_EXERCISE_
For this exercise, return only the lines in the records below from the one holding "Cute little boy" through the one holding "Mladý běloch izolovaný", including both, exactly as they appear and without pictures.

--- RECORDS FOR THE EXERCISE Enclosed Below ---

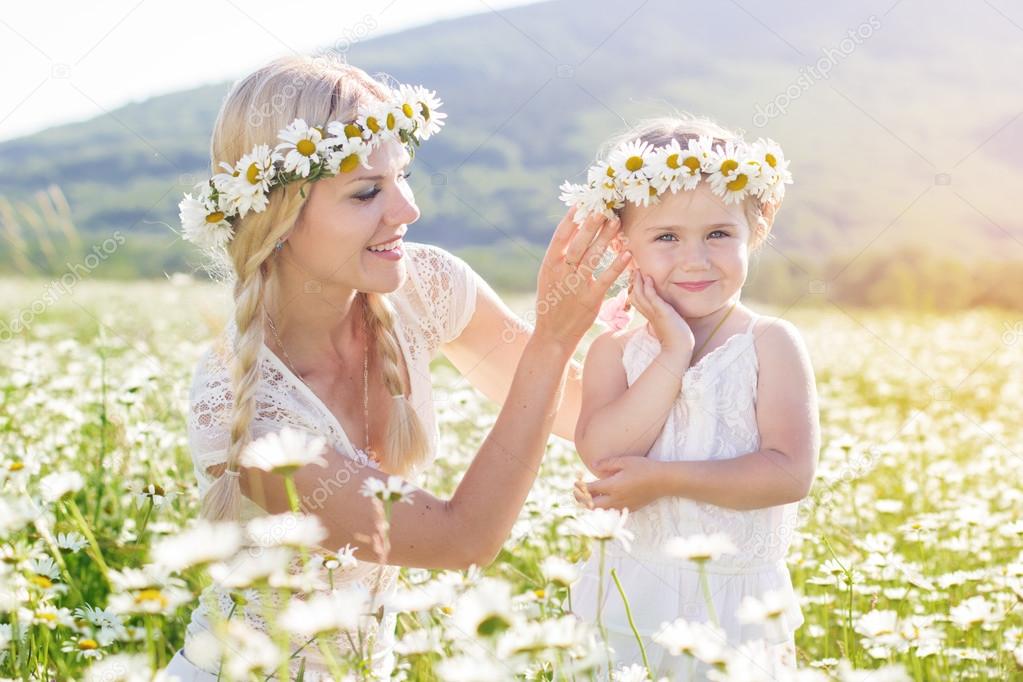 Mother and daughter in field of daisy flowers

--- End of Enclosed RECORDS FOR THE EXERCISE ---
--- RECORDS FOR THE EXERCISE Enclosed Below ---

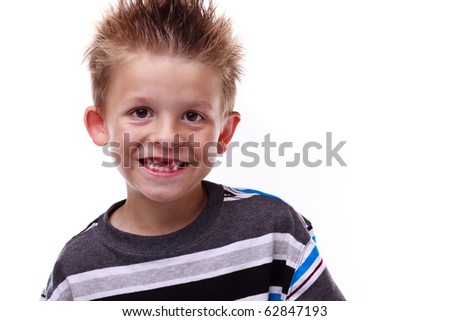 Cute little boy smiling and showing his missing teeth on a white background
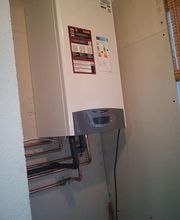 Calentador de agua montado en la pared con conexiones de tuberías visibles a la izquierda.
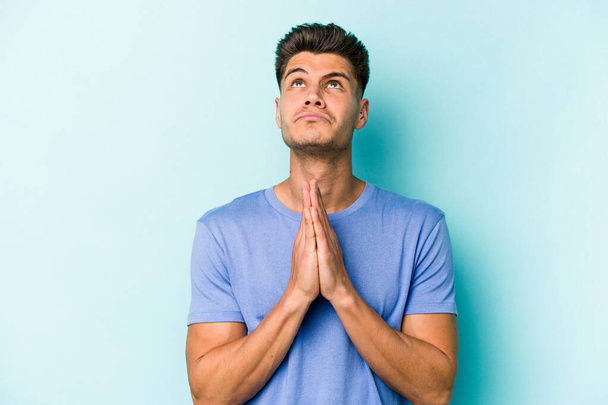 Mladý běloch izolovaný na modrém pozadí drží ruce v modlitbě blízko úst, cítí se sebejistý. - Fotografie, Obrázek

--- End of Enclosed RECORDS FOR THE EXERCISE ---

_RESULT OF THE EXERCISE_
 Cute little boy smiling and showing his missing teeth on a white background
 Calentador de agua montado en la pared con conexiones de tuberías visibles a la izquierda.
 Mladý běloch izolovaný na modrém pozadí drží ruce v modlitbě blízko úst, cítí se sebejistý. - Fotografie, Obrázek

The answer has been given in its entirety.